NEW DELHI, September 15 – Indian police planned to release sketches Monday of suspects behind New Delhi bombings that left more than 20 dead, as criticism grew over the lack of a coherent national counter-terrorism policy.,
Karnal Singh, a senior police official investigating the five bombs that ripped through crowded markets in the Indian capital on Saturday, said several people had been taken in for questioning but no arrests had been made.
The attacks were claimed by the Indian Mujahideen, a shadowy Muslim militant group that also owned responsibility for bombings in July that killed at least 45 people in the cities of Ahmedabad and Bangalore.
"We hope to release suspect sketches today," Singh said.
The Delhi blasts were the fourth in a major Indian city in as many months, and have refuelled debate over the ability of the security and intelligence forces to prevent such attacks and bring those responsible to justice.
"We are at war," was the blunt assessment of an editorial in the Times of India. "When a country is at war, there cannot be any half measures to hit back and contain the enemy."
The newspaper said the time had come for India’s political parties to cast aside their differences and "put their heads together to figure out a counter-strategy for which consensus will be essential."
In 2004, India’s new Congress-led government scrapped an anti-terror law introduced by its Hindu nationalist predecessor after the attacks of September 11, 2001.
The Congress argued that the legislation, which gave sweeping powers to the police, was being misused to settle political scores.
At the time, Prime Minister Manmohan Singh vowed that repealing the law would not weaken the country’s ability to combat terrorism, but the recent spate of attacks has challenged that assertion.
"More than four years into its term, the government’s record on this account is looking even more shocking," the Indian Express newspaper said.
"They have simply not done enough to bring closure to any of the terrorist incidents of the past four years, to follow leads thoroughly, to crack the organisations behind the incidents," the Express said.

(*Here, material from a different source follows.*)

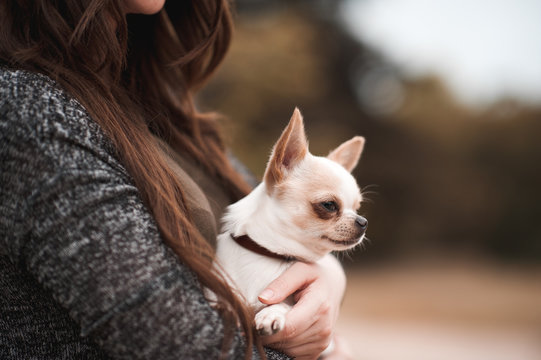 Woman holding chihuahua pet outdoors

The Hindustan Times accused both the government and opposition of being too willing to "woefully sacrifice national consensus against a common enemy" at the altar of political one-upmanship.
"Going by the way we conduct our post-attack investigations and put into place barriers against future attacks, one would be forgiven for thinking we are new to terrorism," it said.
Police said the death toll from Saturday’s blasts had risen to 22, while some of the scores injured remained in critical condition.
The toll could have been higher as three more bombs were defused, including a device found near India Gate, one of the country’s most iconic monuments and a major tourist attraction in the heart of Delhi.
The federal government held a top-level security meeting on Sunday which, according to Home Secretary Madhukar Gupta, discussed "various measures" that may be needed in Delhi and other major cities.
However, The Hindu newspaper said it was clear that India’s police and intelligence services "simply do not have the resources they need to confront an urban terror offensive, unprecedented in its scale and significance."
In the past, India has blamed neighbouring Pakistan for orchestrating attacks on Indian soil, but the emergence of the Indian Mujahideen has forced authorities to confront the spectre of an effective, home-grown militant force.
Security experts say the formation of the outfit may be an effort to create a fresh identity for groups banned by the Indian government over the past few years such as the Students’ Islamic Movement of India (SIMI).
SIMI, founded over 30 years ago, was outlawed in 2001 over its alleged terror links and is currently challenging the ban in the Supreme Court.